Ontario MPP
- In office 1886–1890
- Preceded by: New riding
- Succeeded by: Robert Paton
- Constituency: Simcoe Centre
- In office 1883–1886
- Preceded by: Thomas Long
- Succeeded by: Thomas Wylie
- Constituency: Simcoe West

Personal details
- Born: February 23, 1820 New York
- Died: May 13, 1897 (aged 77) St. Catharines, Ontario
- Party: Liberal
- Spouse: Jane Meade ​(m. 1844)​
- Occupation: Merchant

= Orson James Phelps =

Canadian politician (1820–1897)

Orson James Phelps (February 23, 1820 – May 13, 1897) was an Ontario merchant and political figure. He represented Simcoe West from 1883 to 1886 and Simcoe Centre from 1886 to 1890 in the Legislative Assembly of Ontario as a Liberal member.

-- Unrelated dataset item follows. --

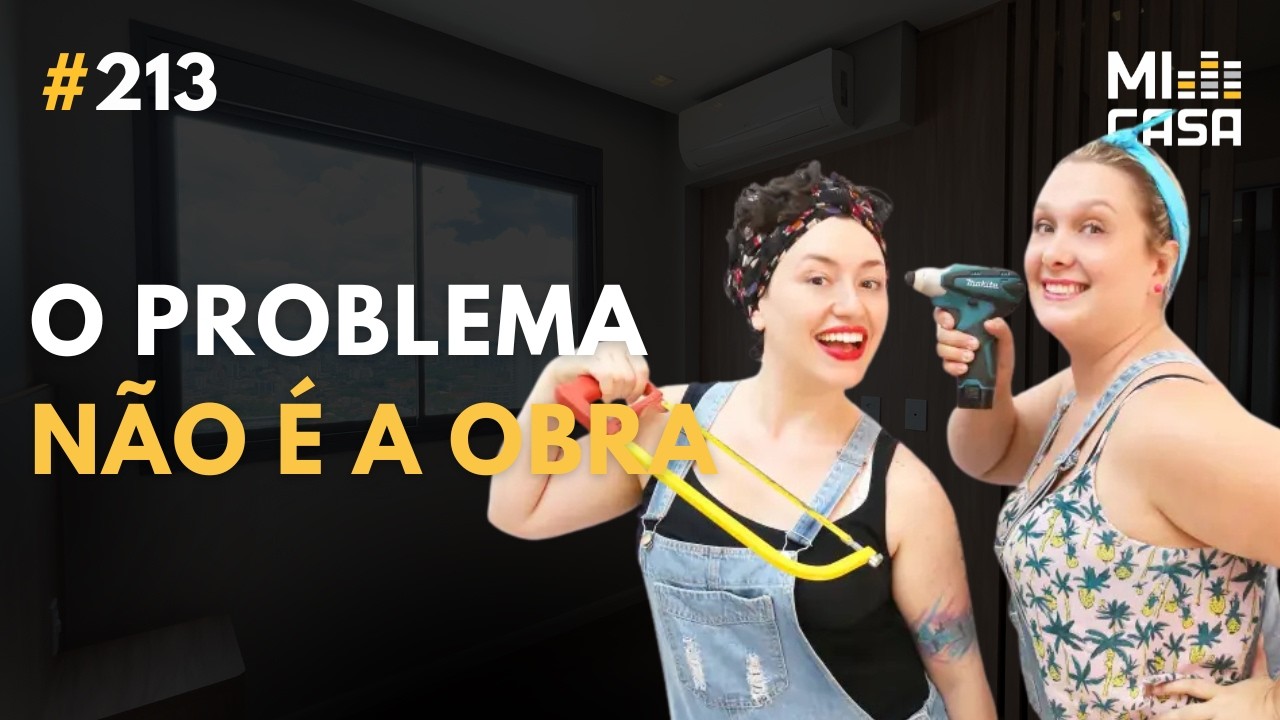 Por Que a Marcenaria Dá TANTO Problema nas Obras com @LumberJills 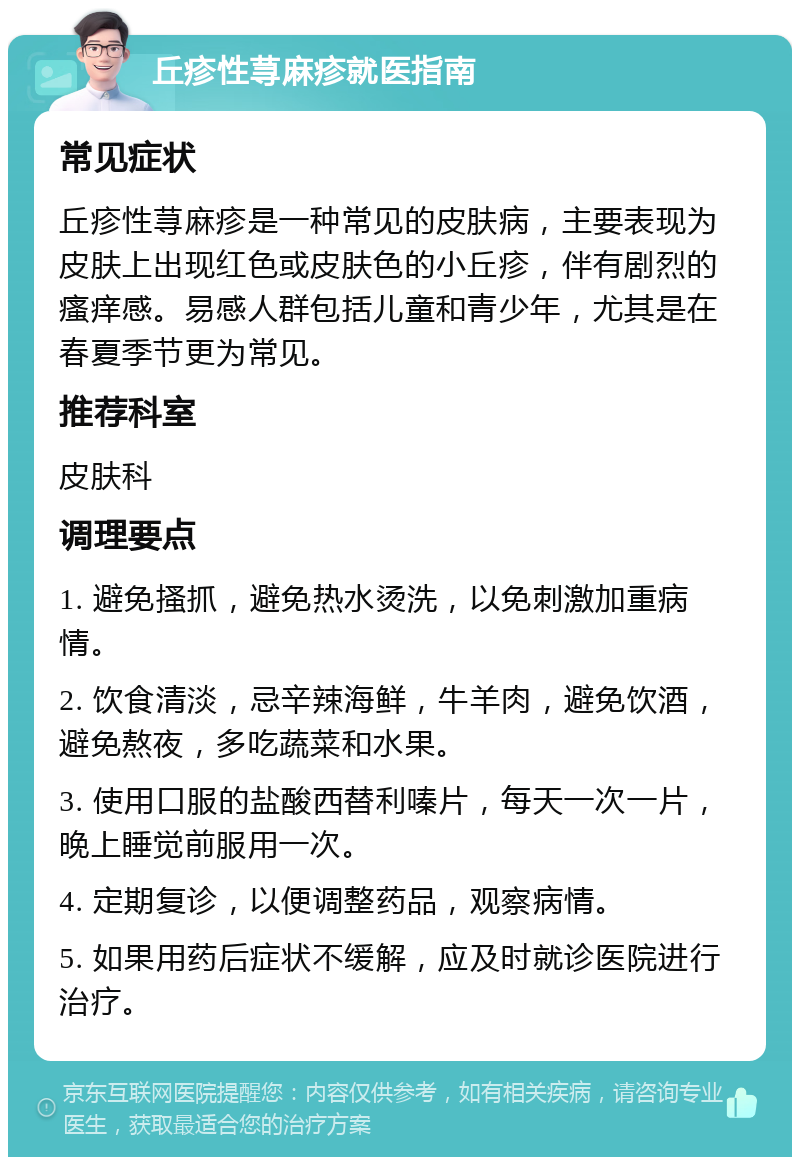 丘疹性荨麻疹就医指南 常见症状 丘疹性荨麻疹是一种常见的皮肤病，主要表现为皮肤上出现红色或皮肤色的小丘疹，伴有剧烈的瘙痒感。易感人群包括儿童和青少年，尤其是在春夏季节更为常见。 推荐科室 皮肤科 调理要点 1. 避免搔抓，避免热水烫洗，以免刺激加重病情。 2. 饮食清淡，忌辛辣海鲜，牛羊肉，避免饮酒，避免熬夜，多吃蔬菜和水果。 3. 使用口服的盐酸西替利嗪片，每天一次一片，晚上睡觉前服用一次。 4. 定期复诊，以便调整药品，观察病情。 5. 如果用药后症状不缓解，应及时就诊医院进行治疗。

He was born in New York state in 1820 and came to Grantham Township in Upper Canada with his family in 1833. In 1844, he married Jane Meade. Phelps served in the local militia during the Upper Canada Rebellion. From 1845 to 1852, he served as government inspector during the building of harbours at Port Dalhousie and Port Colborne. He was a lumber merchant and built a sawmill in Flos township in 1870; the community that developed nearby became known as Phelpston. Phelps served as reeve for Grant and Flos townships and was warden for Simcoe County in 1881. He ran unsuccessfully for the provincial seat in Simcoe West in 1879; he was elected in the general election of 1883. That election was declared invalid after an appeal but he was reelected in the subsequent by-election. In 1890, he was named sheriff for Simcoe County, serving until 1894. He died at St. Catharines in 1897.